Give back the lines of the records exactly, starting at the first and ending at the one with "Close-up of linen".

INPUT MATERIAL:
__________

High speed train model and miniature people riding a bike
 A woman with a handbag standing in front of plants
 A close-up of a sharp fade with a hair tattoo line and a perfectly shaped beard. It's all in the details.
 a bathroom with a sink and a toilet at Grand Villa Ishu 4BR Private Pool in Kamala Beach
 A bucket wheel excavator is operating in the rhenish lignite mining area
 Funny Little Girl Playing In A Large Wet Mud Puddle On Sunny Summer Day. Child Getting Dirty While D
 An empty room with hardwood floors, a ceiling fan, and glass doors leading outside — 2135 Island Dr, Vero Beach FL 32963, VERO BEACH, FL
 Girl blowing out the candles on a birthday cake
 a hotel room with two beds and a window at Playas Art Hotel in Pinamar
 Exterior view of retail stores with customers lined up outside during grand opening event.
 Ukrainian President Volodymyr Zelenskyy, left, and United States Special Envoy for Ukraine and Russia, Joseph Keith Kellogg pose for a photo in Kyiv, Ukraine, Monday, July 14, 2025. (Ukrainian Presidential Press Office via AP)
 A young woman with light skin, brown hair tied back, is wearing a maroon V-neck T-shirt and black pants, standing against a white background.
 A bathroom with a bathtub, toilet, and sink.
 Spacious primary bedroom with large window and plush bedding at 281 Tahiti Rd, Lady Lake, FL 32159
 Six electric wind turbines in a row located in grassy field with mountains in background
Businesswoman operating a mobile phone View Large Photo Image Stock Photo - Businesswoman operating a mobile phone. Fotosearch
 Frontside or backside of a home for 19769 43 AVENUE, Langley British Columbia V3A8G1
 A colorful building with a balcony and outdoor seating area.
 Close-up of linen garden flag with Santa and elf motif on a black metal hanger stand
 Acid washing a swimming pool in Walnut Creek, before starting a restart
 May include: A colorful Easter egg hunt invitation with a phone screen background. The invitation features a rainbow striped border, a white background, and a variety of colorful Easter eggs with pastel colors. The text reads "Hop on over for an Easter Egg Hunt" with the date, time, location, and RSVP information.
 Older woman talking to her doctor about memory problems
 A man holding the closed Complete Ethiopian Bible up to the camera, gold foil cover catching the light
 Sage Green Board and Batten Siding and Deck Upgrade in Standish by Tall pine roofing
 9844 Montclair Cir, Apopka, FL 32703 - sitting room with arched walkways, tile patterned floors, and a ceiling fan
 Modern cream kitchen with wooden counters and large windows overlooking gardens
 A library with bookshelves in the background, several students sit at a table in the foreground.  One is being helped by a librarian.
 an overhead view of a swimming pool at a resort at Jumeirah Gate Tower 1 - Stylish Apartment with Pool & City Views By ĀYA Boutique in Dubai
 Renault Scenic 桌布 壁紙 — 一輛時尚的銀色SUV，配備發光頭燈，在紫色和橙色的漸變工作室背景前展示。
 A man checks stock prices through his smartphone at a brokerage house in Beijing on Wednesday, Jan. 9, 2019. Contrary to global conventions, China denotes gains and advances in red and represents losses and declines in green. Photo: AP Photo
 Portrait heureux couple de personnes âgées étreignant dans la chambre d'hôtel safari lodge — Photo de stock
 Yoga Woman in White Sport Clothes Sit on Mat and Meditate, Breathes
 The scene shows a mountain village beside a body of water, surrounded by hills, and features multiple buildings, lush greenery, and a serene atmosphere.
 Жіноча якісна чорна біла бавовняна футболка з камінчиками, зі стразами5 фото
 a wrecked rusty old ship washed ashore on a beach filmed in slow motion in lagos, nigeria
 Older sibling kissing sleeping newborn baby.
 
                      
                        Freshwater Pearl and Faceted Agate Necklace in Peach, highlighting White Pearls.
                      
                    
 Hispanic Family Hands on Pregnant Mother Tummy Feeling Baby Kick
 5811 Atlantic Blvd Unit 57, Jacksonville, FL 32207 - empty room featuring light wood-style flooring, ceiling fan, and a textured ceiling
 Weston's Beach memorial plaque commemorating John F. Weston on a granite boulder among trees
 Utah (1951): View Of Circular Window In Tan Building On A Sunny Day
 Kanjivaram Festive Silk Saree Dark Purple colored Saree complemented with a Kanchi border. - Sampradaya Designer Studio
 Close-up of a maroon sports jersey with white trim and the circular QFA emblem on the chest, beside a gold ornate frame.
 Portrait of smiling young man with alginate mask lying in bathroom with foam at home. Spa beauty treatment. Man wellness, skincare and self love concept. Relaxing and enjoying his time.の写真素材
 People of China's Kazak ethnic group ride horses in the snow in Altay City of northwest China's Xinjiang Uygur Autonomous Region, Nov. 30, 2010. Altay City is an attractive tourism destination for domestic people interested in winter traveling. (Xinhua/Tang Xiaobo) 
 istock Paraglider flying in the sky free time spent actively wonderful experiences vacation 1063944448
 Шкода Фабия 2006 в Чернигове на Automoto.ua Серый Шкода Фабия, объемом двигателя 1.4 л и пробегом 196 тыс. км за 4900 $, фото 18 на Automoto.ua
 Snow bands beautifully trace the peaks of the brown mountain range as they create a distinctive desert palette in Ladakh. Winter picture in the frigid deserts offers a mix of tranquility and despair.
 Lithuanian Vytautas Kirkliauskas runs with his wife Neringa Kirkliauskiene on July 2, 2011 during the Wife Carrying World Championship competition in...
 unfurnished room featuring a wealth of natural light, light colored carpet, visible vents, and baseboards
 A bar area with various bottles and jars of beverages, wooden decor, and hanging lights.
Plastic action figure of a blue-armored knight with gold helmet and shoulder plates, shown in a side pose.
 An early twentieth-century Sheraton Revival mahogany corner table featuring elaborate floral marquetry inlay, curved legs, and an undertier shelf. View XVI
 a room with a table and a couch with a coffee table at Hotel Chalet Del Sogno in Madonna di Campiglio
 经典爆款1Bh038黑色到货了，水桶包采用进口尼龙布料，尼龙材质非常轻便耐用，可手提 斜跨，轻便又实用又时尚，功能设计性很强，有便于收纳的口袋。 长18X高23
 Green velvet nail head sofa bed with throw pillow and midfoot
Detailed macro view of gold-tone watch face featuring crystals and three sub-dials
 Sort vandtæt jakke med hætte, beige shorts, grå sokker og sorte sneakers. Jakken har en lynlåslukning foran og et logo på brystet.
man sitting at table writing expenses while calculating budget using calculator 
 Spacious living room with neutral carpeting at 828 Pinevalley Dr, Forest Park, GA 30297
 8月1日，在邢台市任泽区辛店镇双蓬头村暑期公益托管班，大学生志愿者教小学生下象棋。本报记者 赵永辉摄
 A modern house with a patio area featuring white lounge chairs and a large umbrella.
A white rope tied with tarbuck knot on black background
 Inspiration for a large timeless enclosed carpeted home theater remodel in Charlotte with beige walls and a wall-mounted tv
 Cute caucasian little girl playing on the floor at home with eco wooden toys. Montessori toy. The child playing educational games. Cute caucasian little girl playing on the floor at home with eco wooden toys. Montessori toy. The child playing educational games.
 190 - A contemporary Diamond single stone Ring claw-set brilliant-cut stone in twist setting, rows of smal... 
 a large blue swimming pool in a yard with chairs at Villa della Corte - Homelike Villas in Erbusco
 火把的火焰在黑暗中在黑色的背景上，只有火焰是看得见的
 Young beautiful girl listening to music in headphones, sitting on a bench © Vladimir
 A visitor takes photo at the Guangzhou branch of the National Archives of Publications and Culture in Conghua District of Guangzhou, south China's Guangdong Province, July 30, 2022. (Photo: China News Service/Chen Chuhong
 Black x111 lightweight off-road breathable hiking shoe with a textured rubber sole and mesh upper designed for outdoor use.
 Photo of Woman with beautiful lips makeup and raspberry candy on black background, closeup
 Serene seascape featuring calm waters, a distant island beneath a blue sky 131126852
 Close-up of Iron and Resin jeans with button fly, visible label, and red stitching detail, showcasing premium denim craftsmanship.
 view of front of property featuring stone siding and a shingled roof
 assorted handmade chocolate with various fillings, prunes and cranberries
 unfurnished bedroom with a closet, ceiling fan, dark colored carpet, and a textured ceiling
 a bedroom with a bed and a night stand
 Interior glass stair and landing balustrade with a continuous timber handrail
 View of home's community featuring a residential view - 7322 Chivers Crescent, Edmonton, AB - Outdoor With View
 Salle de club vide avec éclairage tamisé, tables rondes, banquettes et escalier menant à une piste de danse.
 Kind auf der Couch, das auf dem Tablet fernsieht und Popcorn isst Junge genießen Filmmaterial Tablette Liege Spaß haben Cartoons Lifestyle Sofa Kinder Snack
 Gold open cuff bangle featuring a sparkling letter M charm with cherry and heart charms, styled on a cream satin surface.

__________

ANSWER SPACE:
High speed train model and miniature people riding a bike
 A woman with a handbag standing in front of plants
 A close-up of a sharp fade with a hair tattoo line and a perfectly shaped beard. It's all in the details.
 a bathroom with a sink and a toilet at Grand Villa Ishu 4BR Private Pool in Kamala Beach
 A bucket wheel excavator is operating in the rhenish lignite mining area
 Funny Little Girl Playing In A Large Wet Mud Puddle On Sunny Summer Day. Child Getting Dirty While D
 An empty room with hardwood floors, a ceiling fan, and glass doors leading outside — 2135 Island Dr, Vero Beach FL 32963, VERO BEACH, FL
 Girl blowing out the candles on a birthday cake
 a hotel room with two beds and a window at Playas Art Hotel in Pinamar
 Exterior view of retail stores with customers lined up outside during grand opening event.
 Ukrainian President Volodymyr Zelenskyy, left, and United States Special Envoy for Ukraine and Russia, Joseph Keith Kellogg pose for a photo in Kyiv, Ukraine, Monday, July 14, 2025. (Ukrainian Presidential Press Office via AP)
 A young woman with light skin, brown hair tied back, is wearing a maroon V-neck T-shirt and black pants, standing against a white background.
 A bathroom with a bathtub, toilet, and sink.
 Spacious primary bedroom with large window and plush bedding at 281 Tahiti Rd, Lady Lake, FL 32159
 Six electric wind turbines in a row located in grassy field with mountains in background
Businesswoman operating a mobile phone View Large Photo Image Stock Photo - Businesswoman operating a mobile phone. Fotosearch
 Frontside or backside of a home for 19769 43 AVENUE, Langley British Columbia V3A8G1
 A colorful building with a balcony and outdoor seating area.
 Close-up of linen garden flag with Santa and elf motif on a black metal hanger stand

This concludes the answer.